寸胴(寸筒)の油抜き

寸胴(寸筒)


竹は、ご存じのように中が空洞になっていて、一定間隔に節がありますので自然の竹そのままを切って筒にすれば立派な花入れが出来上がりますぞね。日本の華道というのは色々な流派があり、四季のある風土や日本人の感性で磨かれ今に至っちょりますが、想像するに一番最初の生け花の起源というのは、ただ切っただけの竹筒に花を入れたものだったように思います。


生け花は、それから時代を経るごとに進化を続けていますが、一番シンプルで簡素な形の竹筒は、寸胴などと呼ばれて現在でもお花の世界で広く使われているのです。自分の学生の頃などは華道人口も多かった事もあったのか、竹虎の店舗でもこの寸胴(寸筒)や二重切と言う花入れが二段になったものなど、大小様々なものが所狭しと並べられちょったのを覚えちゅうのです。


竹そのままを使う製品だけに大きく変化を付けられるのは竹素材です。そこで、真竹、胡麻竹、図面竹、煤竹と主だった竹は全員集合でしたぞね。中でも孟宗竹で作られたものが一番多かったです。節の間隔が狭く、末広がりになった根っ子に近い部分の意匠を活かし、特徴的で重厚な雰囲気を醸し出しちょりました。

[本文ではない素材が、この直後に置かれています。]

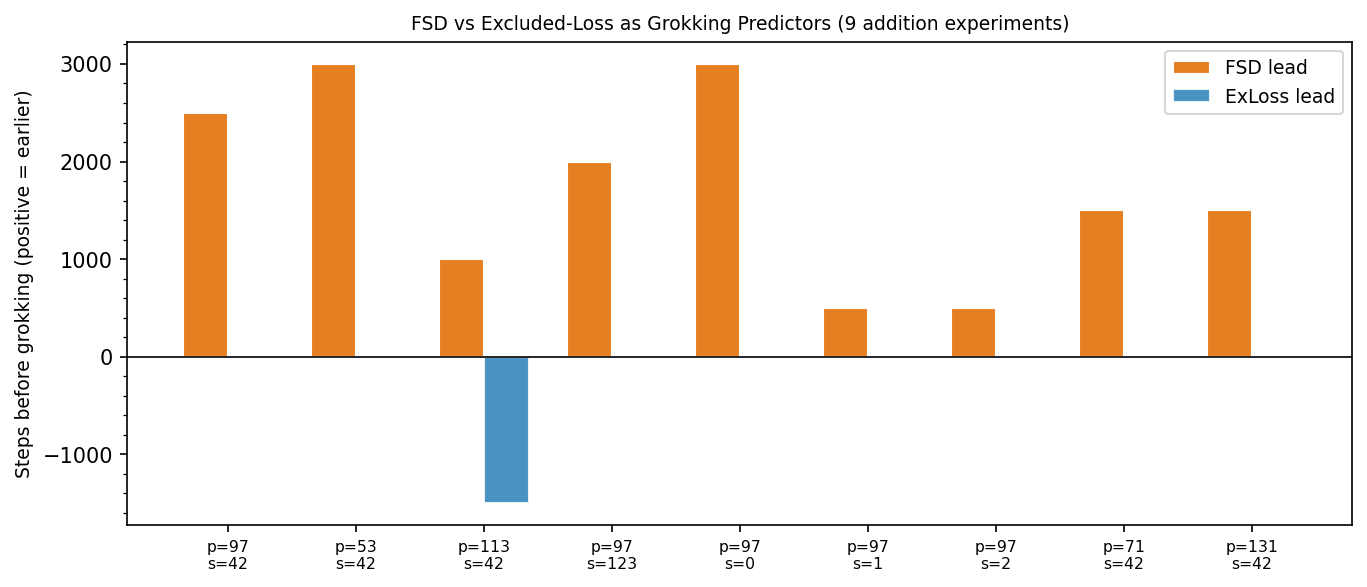 Bar chart: FSD lead versus excluded-loss lead across nine modular addition experiments; FSD is positive in every case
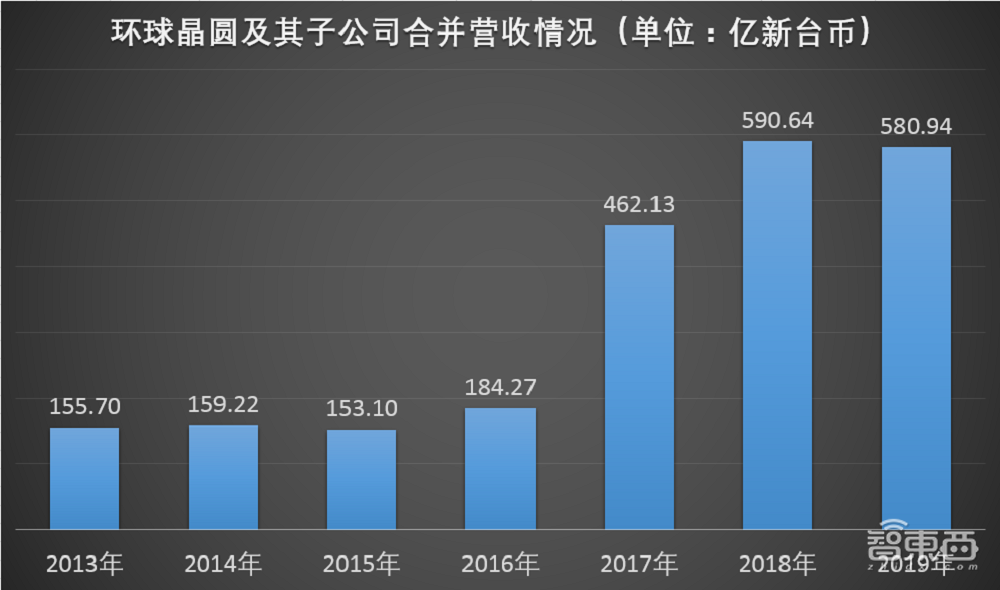 起底硅晶圆整合潮：四大玩家包揽九成市场，台企靠买买买逼近第一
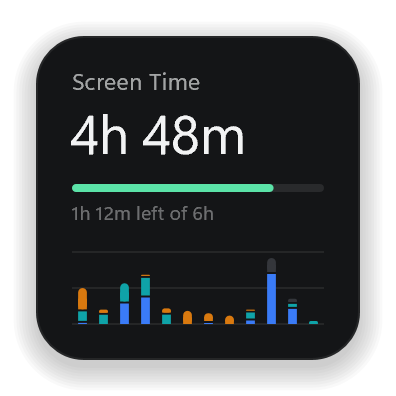 The Screen Time desktop widget, small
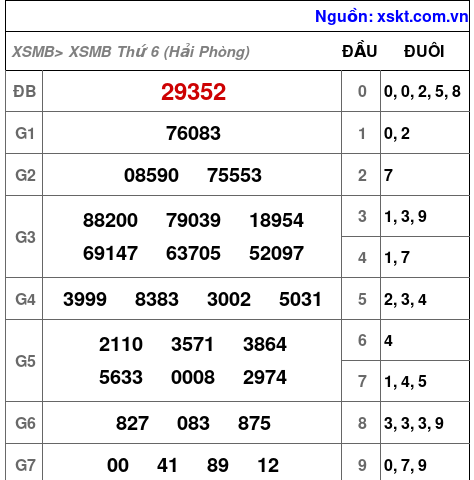 XSMB ngày 11-9-2026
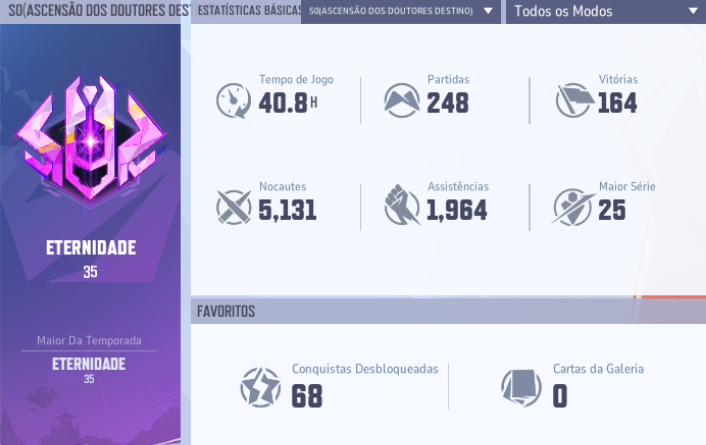 Eloboost e Duoboost | Duo Educacional - Marvel Rivals (PC)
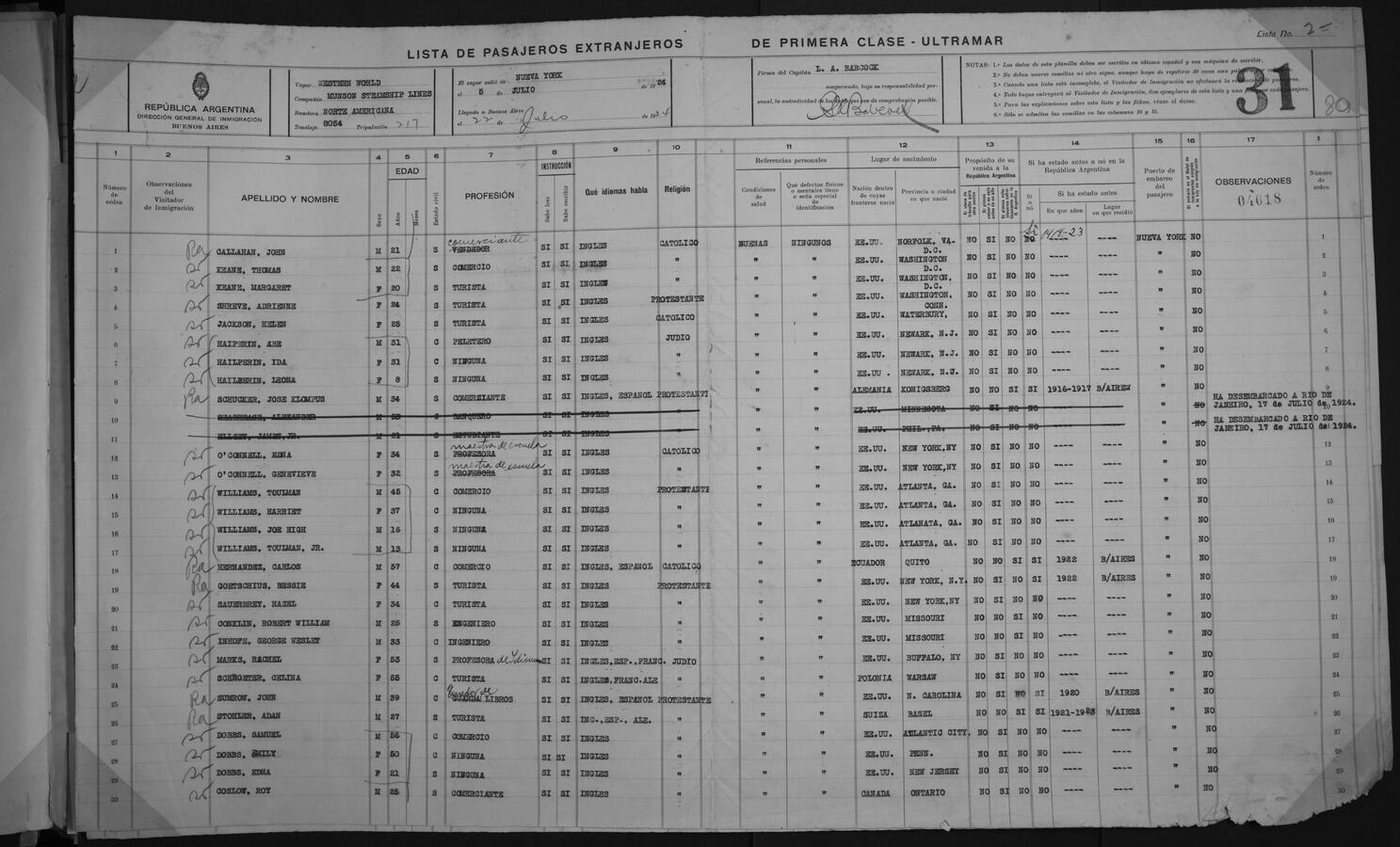 Original Digitaal object not accessible
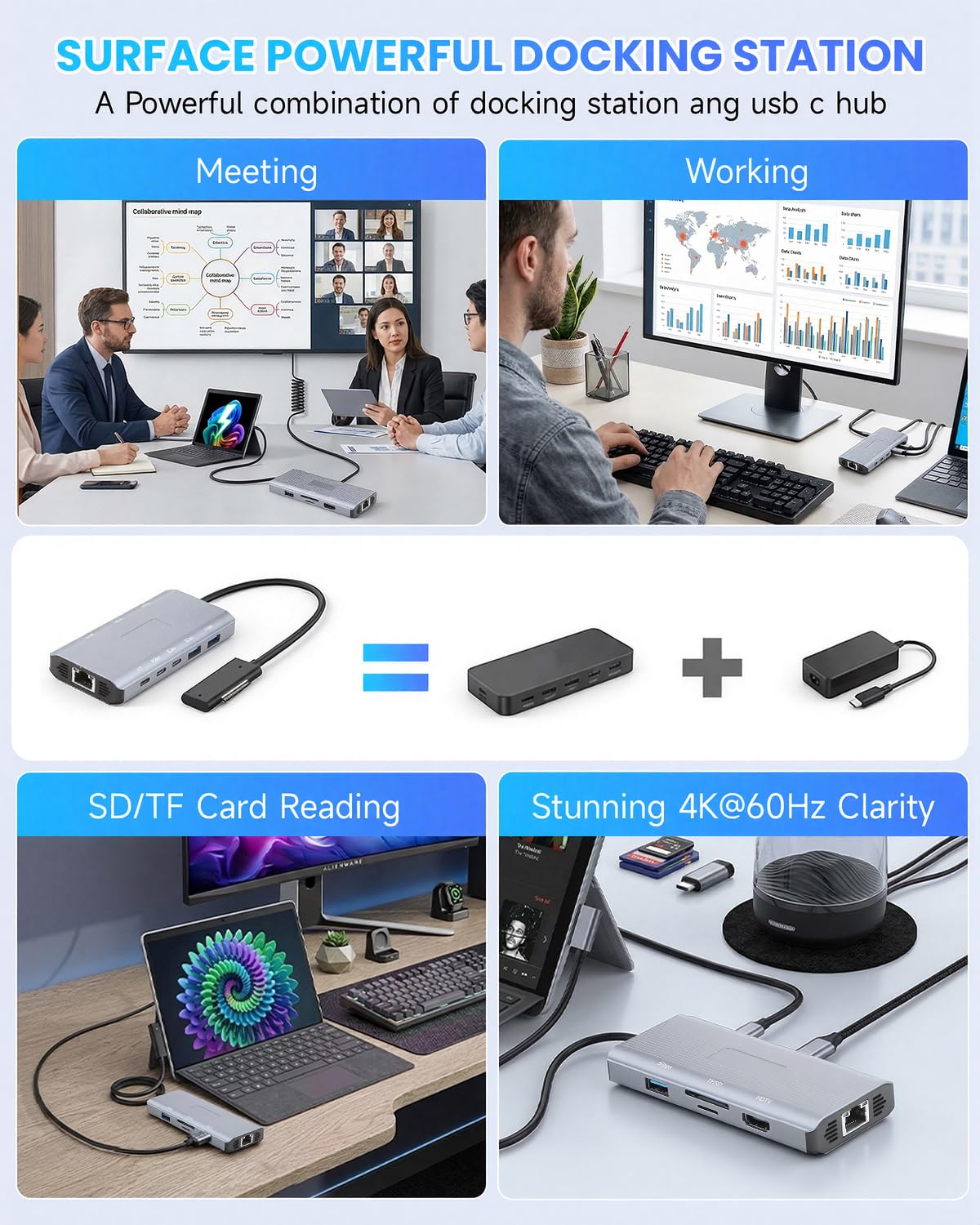 10-en-1 MS Surrface Dock 2-Station d'accueil Surrface,HDMI 4K@60Hz | Ethernet Gigabit,3xUSB 3.0,2xUSB-C 3.0,1xUSB-C PD,SD/TF,pour MS Surface Pro 11/10/9/8/X/7/6/5,Surface Laptop, Book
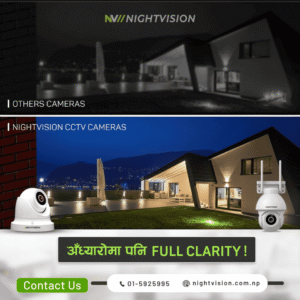 CCTV Resolution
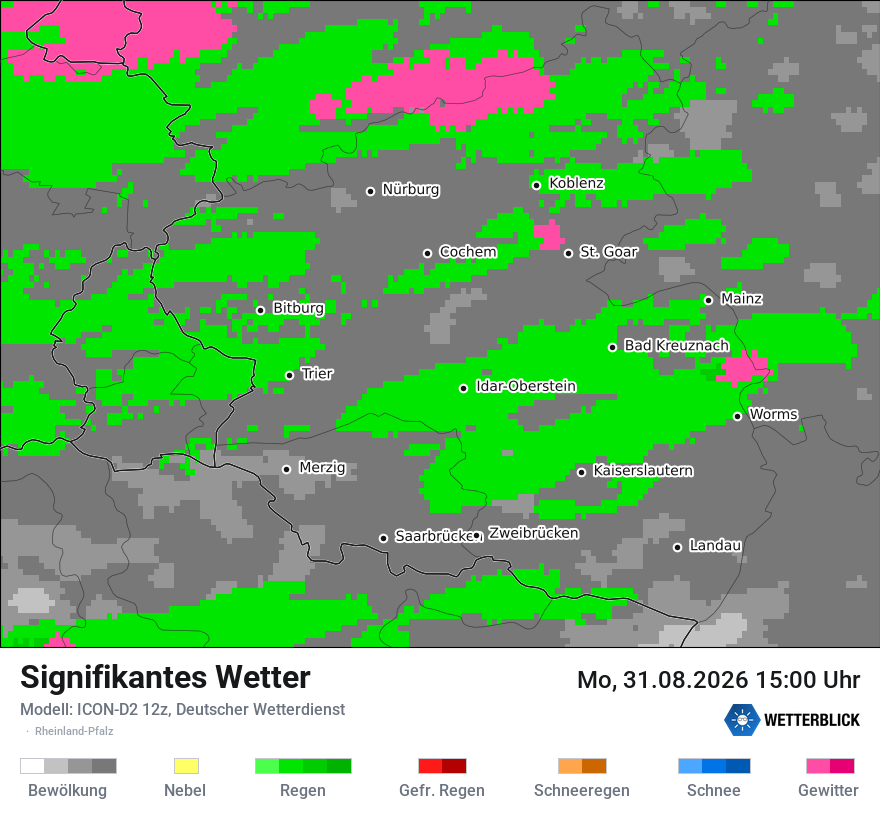 Signifikantes Wetter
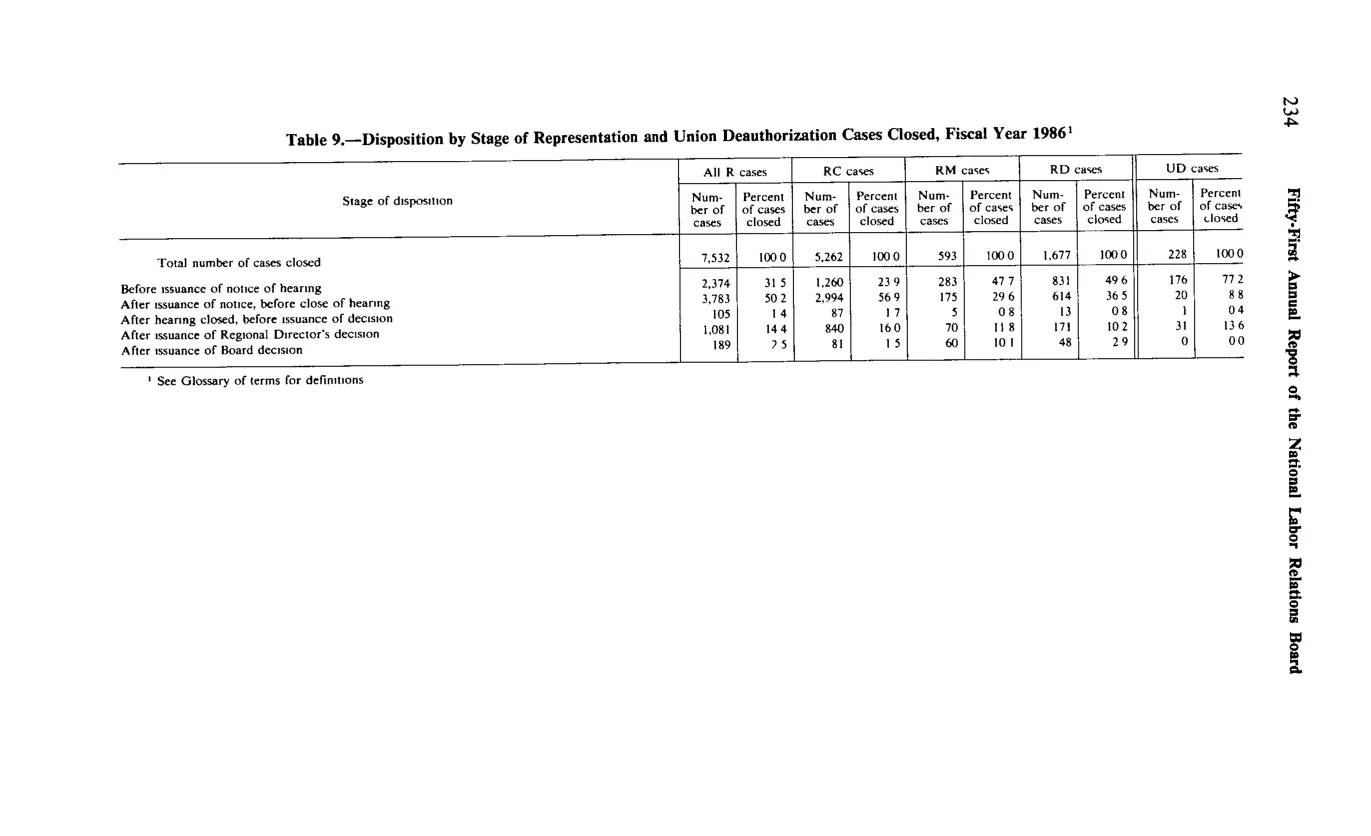 Source page 246 of NLRB FY1986 annual report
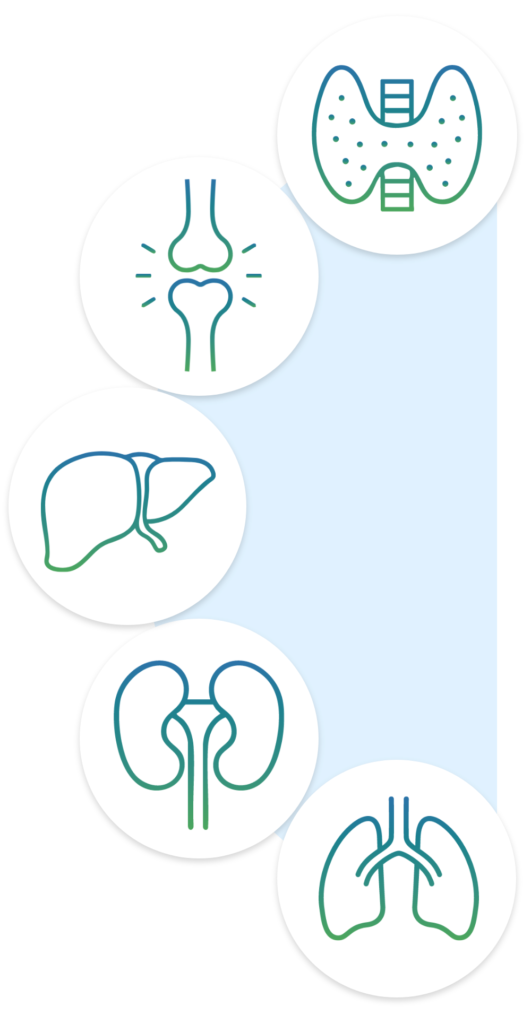 Thyroid, Bone, Liver, Kidney, and Lung RFA Graphic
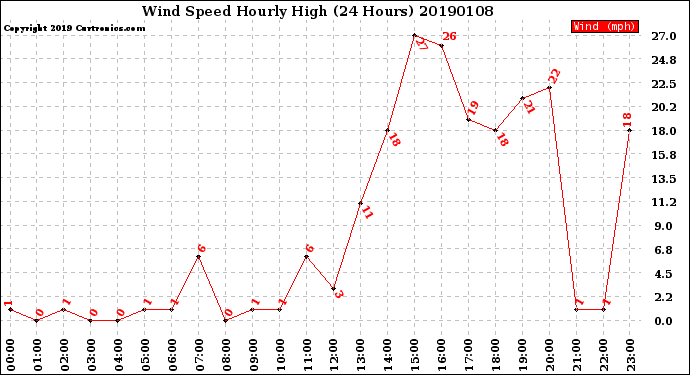 Milwaukee Weather Wind Speed<br>Hourly High<br>(24 Hours)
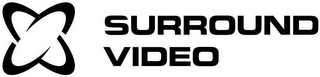 SURROUND VIDEO logo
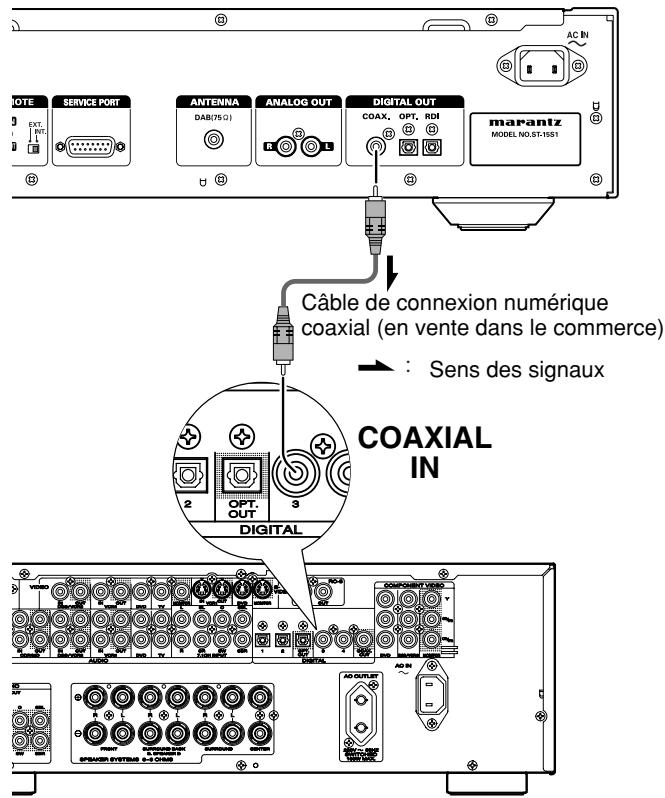 MARANTZ ST15S1 - Raccordement du connecteur des sortie coaxiale - 1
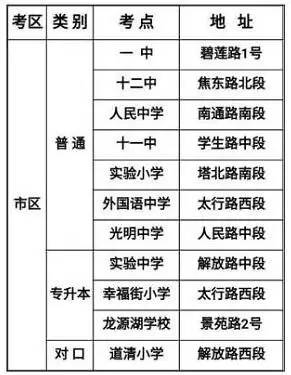 独家！小编提前探路，为你送上咱焦作高考11个考点完整攻略！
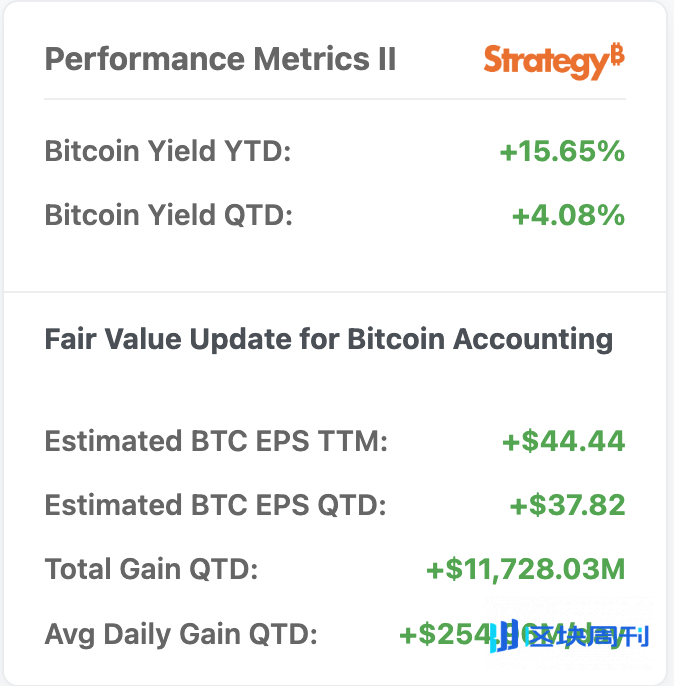 Strategy 的比特币杠杆游戏博弈：华尔街空头狙击，大机构持股押注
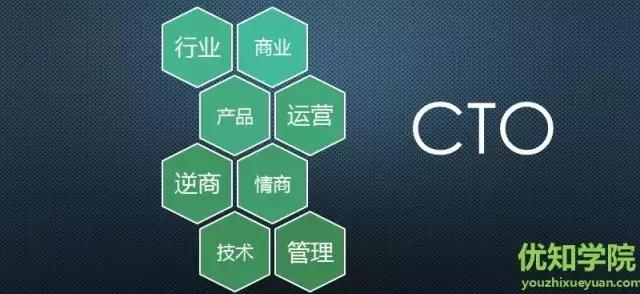 大型互联网架构师谈：手把手教你如何成为年薪100的架构师 or CTO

虎竹の加工で、さんざん油抜きはするのですが、同じ火抜きにしても虎竹と孟宗竹は全く違うと感じる事がありましたぜよ。虎竹の場合はガスバーナーの火で一気に油抜きをしていきます。虎竹は身の薄い淡竹(はちく)なので、火が入りやすい事と表皮の虎模様の美しさを全面に出す事がほとんどで、身の部分を見せる竹細工にする事が、ほぼ無いのでそこまで気を使って油抜きをした事がなかったのです。


ところが身の厚い孟宗竹の寸胴の場合には、切り口の身の部分も製品の見せ所のひとつとなりますので、内側までじっくりと火力の弱い炭火で炙って油抜きしていくのです。この工程がかなり大事になってくる職人技の見せ所ぞね。どうしてかと言いますと、内側部分まで火がしっかり通っていないとこの大事な切り口部分に黒いラインとして残ってしまうからなのです。竹の身部分の乳白色のような綺麗な色に、うっすらとは言えども黒いシミのように見えてしまっては花活けは使いにいくのです。


火抜きの竹は、湯抜きの竹に比べて割れにくく、表皮の艶も全くちがい、光沢も素晴らしいものがあるのですが、炙りすぎてもこの竹表皮に焦げ目ができて製品として使えません。目で見ることのできない竹の内側まで火入れの状態を見極め、じっくり仕上げていく製竹の技術は隠れた職人芸ながです。